Portage County man finds rare fossil in his backyard
ROSHOLT (WAOW) -
It's a rare find in a Portage County backyard.
Bill Wolosek of Rosholt found a fossil that scientists are calling a remarkable piece of history.
Two weeks ago, he was digging through his backyard when he noticed something out of the ordinary.
"I thought, wow," said Wolosek. "It must be fossil because it looked like an animal."
What he discovered was a piece of coral, a fossil that dates back more than 200 million years.
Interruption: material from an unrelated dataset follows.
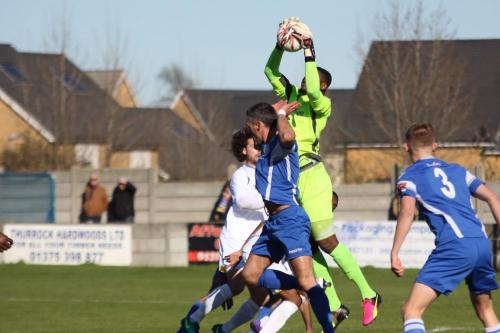Grays keeper Amadou Tangara makes a safe catch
Scientists say it was once a piece of the Great Barrier Reef that broke apart and traveled hundreds of miles until it stopped in his backyard.
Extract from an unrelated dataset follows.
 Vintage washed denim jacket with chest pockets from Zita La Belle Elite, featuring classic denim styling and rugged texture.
"It was on the reef and then a glacier came and carried it," said Ray Reser, director of the Natural History Museum at UW-Stevens Point.
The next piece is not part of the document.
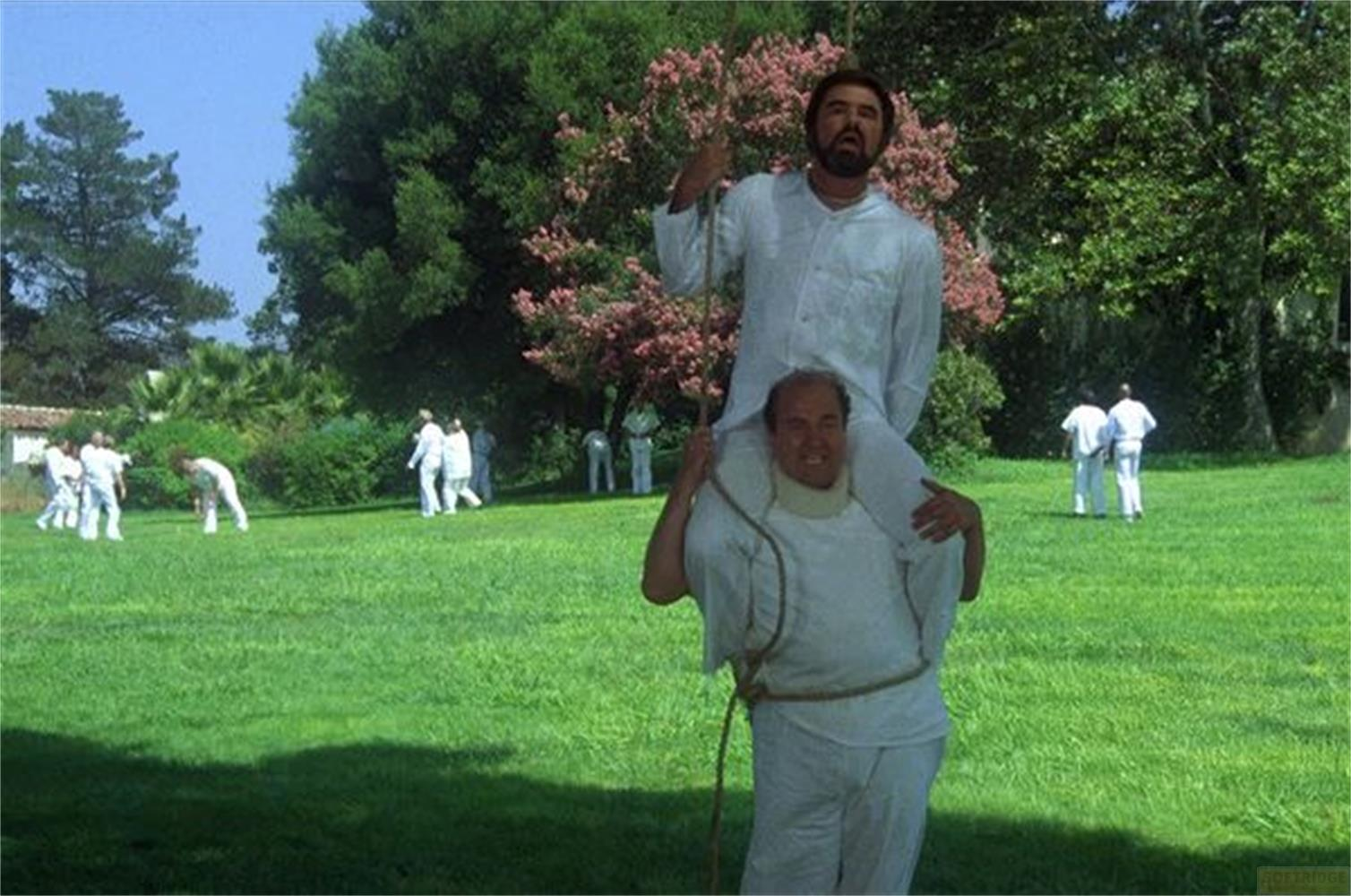 Uomo porta uomo sulle spalle all'aperto; diverse persone sullo sfondo.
But the piece of coral isn't Wolosek's only treasure. During months of digging, he's found piles of hidden gems.
"I found rock with scratches of glacier in it, rocks that are polished round," said Wolosek.
Experts say you're more likely to find a diamond in Wisconsin than a fossil. So what's the secret? Sometimes it's as simple as knowing where to dig.
"It's cool to find something like this," said Wolosek. "Knowing you found something no one else could find."
But you can't put a price on this piece of history. Wolosek says the rare fossil isn't going anywhere.
"Might have enough someday for people to bring their family out and take a look at all this," he said.
For now, he'll just keep digging, hoping his next big hit strikes gold.
Geologists from UW-Stevens Point say they've found similar fossils, but they usually aren't in the Rosholt area. When Wolosek heard that, he said he was meant to find the rock. He hopes it might even be a bit of good luck.